Brahms - Dvořák
Tudor 812973017448
2 CD/SACD stereo/surround • 1h 27min • [P] 2018
28.11.2018
Künstlerische Qualität:
Klangqualität:
Gesamteindruck:
Klassik Heute
Empfehlung
Dieses Album, Beginn einer kleinen Kollektion, die jede der vier Brahms-Symphonien mit einer der reifen Dvořák-Symphonien kombinieren wird, ist schlicht so großartig gelungen, dass ich mich bei der Besprechung auf das Wesentliche beschränken möchte. Jakub Hrůša, gerade mal 37 Jahre alt, ist für mich ohne Zweifel der beste namhafte Dirigent unserer Zeit, seit ich ihn unlängst in München mit dem Symphonie-Orchester des Bayerischen Rndfunks in Josef Suks Asrael-Symphonie hören konnte. Nun also mit ‚seinen‘ Bamberger Symphonikern, die unter ihm aufblühen wie musikalisch höchstens zu Zeiten eines Joseph Keilberth, aber nun auf dem technischen Niveau eines modernen Top-Orchesters. Warum Hrůša die Werkschau mit Brahms’ Vierter und der Symphonie ‚aus der Neuen Welt‘, also den Schlusssteinen des jeweiligen symphonischen Œuvres, beginnt, erläutert er im Booklet im Gespräch mit dem ehemaligen FAZ-Feuilleton-Redakteur Wolfgang Sandner. Hrůšas Bagabung ist so natürlich gereift, dass er vielleicht selbst nicht wirklich verstehen kann, auf welcher Höhe er sich heute schon befindet. Und man kann ihm nur wünschen, dass er die Charakterstärke hat, sich nicht von den Erfolgen, die sich nunmehr unwiderstehlich einstellen, beeindrucken zu lassen.

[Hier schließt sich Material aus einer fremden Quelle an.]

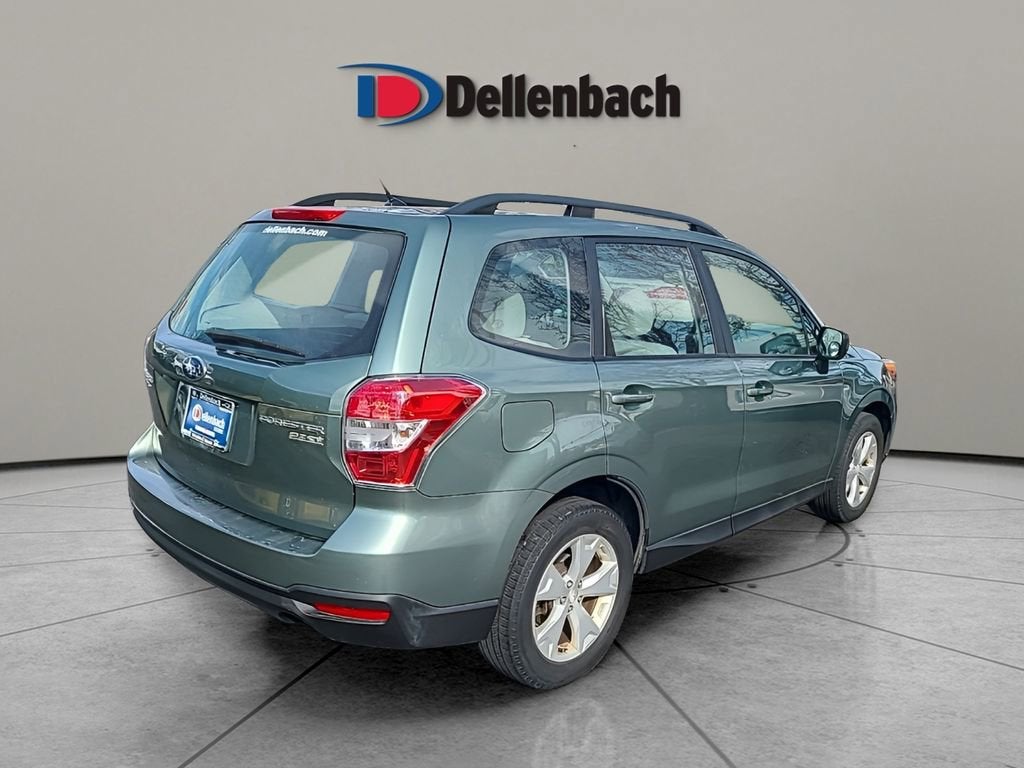 2015 Subaru Forester 2.5i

Seine Aufführungen sind zutiefst durchbalanciert im besten Sinne: Brahms klassisch klar, dabei mit romantischer Flexibilität und stets loderndem musikantischen Feuer und Schwung; Dvořák nie dem Effekt erlegen, aber mit einem Biss, der durch alle Kultur lebenssprühend hindurch blitzt. Alles ist hier unmissverständlich durchgeformt entsprechend der Vision des klarsichtigen Dirigenten, und doch entsteht eben nicht der Eindruck, er habe dies „durchgesetzt“, sondern alles entsteht aus einem Miteinander, für das alle verantwortlich sind. Daher die präzise artikulierte Freude, die aus jedem Moment des Musizierens spricht. Die Streicher agieren hellwach als Ganzes, man spürt keine Tutti-Trägheiten, aber auch keine narzisstische Selbstdarstellung professioneller Bedeutsamkeit. Brahms’ Vierte ist auch im komplex strukturierten Finale von einer sinnfälligen Deutlichkeit und alles verbindenden Korrelationskunst gekennzeichnet, wie ich dies seit langen Jahren von niemandem gehört habe. Und in der ‚Symphonie aus der Neuen Welt‘ ist Hrůša zuhause wie vor ihm sein 2017 verstorbener Mentor Bělohlávek, dem er vielleicht bald als Chefdirigent der Tschechischen Philharmonie nachfolgen dürfte, sofern er dies will – denn die Spitzenorchester werden sich weltweit um ihn reißen. Natürlich kann man den Sinn der Expositions-Wiederholung im Kopfsatz der Dvořák-Symphonie bezweifeln (ich halte die Repetition nicht für förderlich, um es als zusammenhängende Gesamtgestalt zu erfassen), aber musikwissenschaftlich ist es korrekt, und ein kleines Fragezeichen darf bleiben. Auch das (derzeit) Beste ist nicht perfekt, aber es ist großartig, und auf entsprechend hohem Niveau auch tontechnisch dokumentiert. Wenn die ganze Serie von vier Doppelalben derart gelingt, verspricht dies, ein epochales Ereignis in der Tonträgergeschichte zu werden.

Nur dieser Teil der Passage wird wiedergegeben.